The baggage of last year cannot be wished away. All of us will continue to be sucked into the power struggles which bring out our worst traits as an atavistic people driven by ethnic instincts.

We can start be recognising that the future of Kenya lies in our hands. I will do my part by dictating new year resolutions for each of the two principal protagonists.

Uhuru Kenyatta: I won the presidential elections fair and square but I know there is a large constituency out there that believes it was cheated.

My new year resolution is to embark on whatever it takes to ensure a solid and lasting legacy.

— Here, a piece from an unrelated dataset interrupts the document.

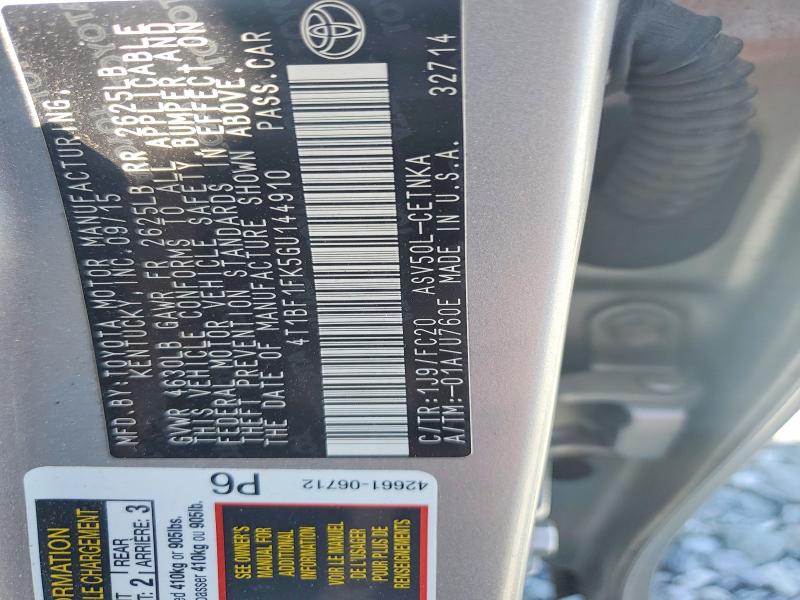 Aukcja sprzedaży 2016 Toyota Camry, vin: 4T1BF1FK5GU144910, numer aukcji: 53304656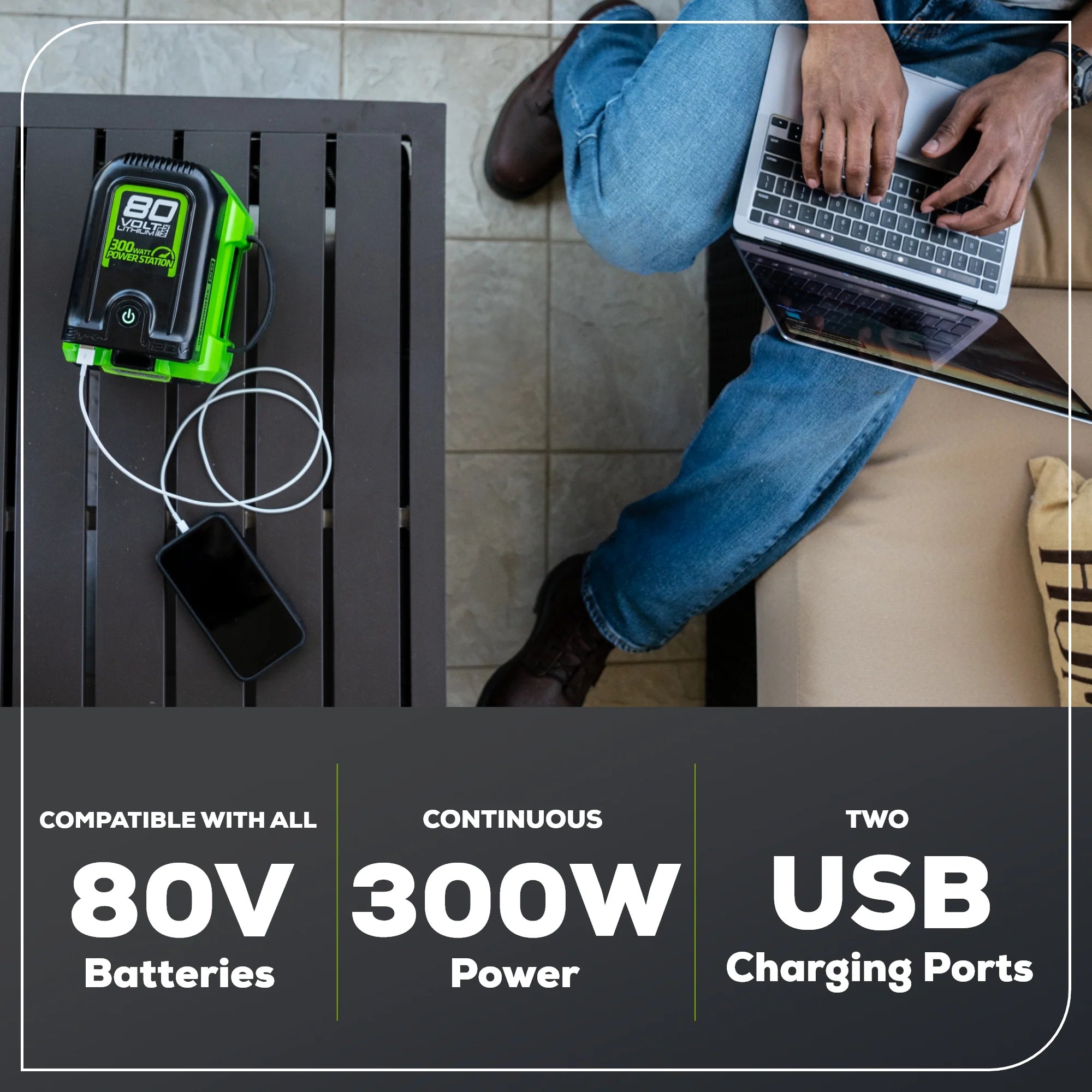 2025 Inversor de energía inalámbrico 80V 300W (solo herramienta)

This can only be built on a peaceful, stable, united and prosperous nation.


All efforts will be futile unless I address the fears and resentments of Mr Odinga and his restless supporters, and all other citizens who suffer exclusion and marginalisation.

This means addressing not just the immediate political impasse but going further to seek lasting solutions to the grievances that guarantee the threat of violence with every electoral cycle.

It is, therefore, not just about the 2017 elections but, more critically, it’s about forestalling violence at the next polls in 2022 and beyond.

I will not be seeking re-election; so, I can safely disentangle myself from the chokehold of hardliners within my own ranks.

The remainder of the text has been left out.